• [DIRECTIONS FOR THIS TASK] Return, with both end lines included, exactly what the data below holds from the line with "Hand Woven Victoria" through the line with "Personalized and PHOTO", though not the pictures.

• [DATA EXTRACT]
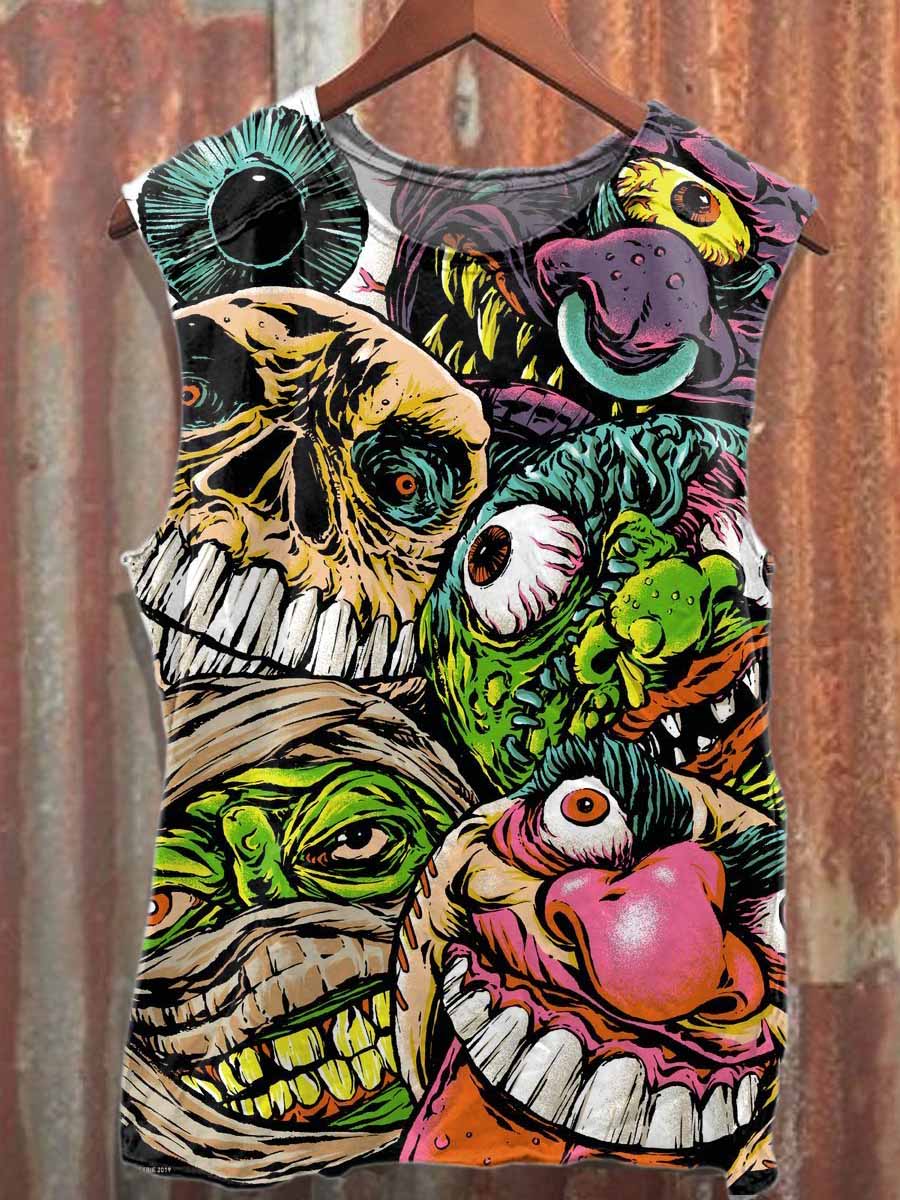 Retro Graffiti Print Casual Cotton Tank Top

==

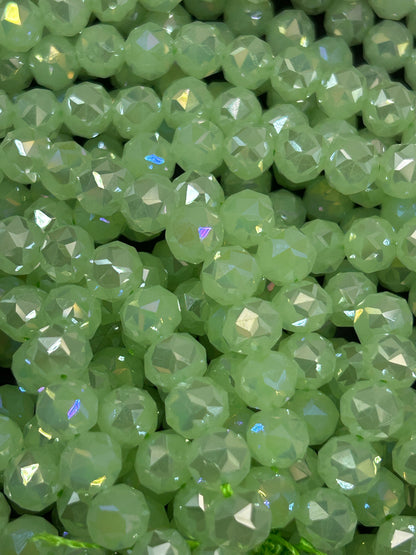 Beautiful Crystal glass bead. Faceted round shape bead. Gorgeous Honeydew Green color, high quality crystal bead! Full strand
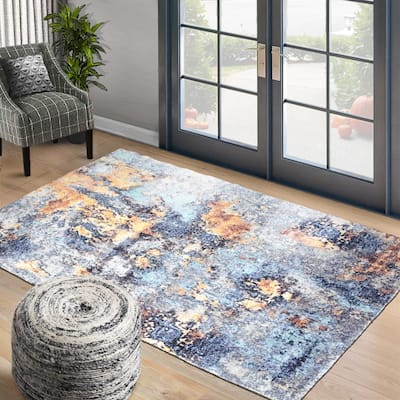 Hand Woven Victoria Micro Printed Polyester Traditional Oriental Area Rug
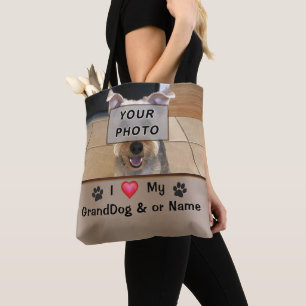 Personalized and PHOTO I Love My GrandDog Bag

---

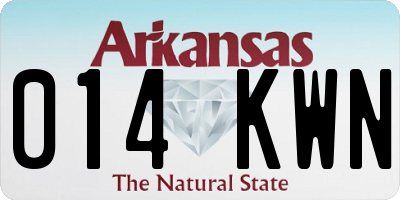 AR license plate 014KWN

• [RESULT OF THIS EXERCISE]
 Hand Woven Victoria Micro Printed Polyester Traditional Oriental Area Rug
 Personalized and PHOTO I Love My GrandDog Bag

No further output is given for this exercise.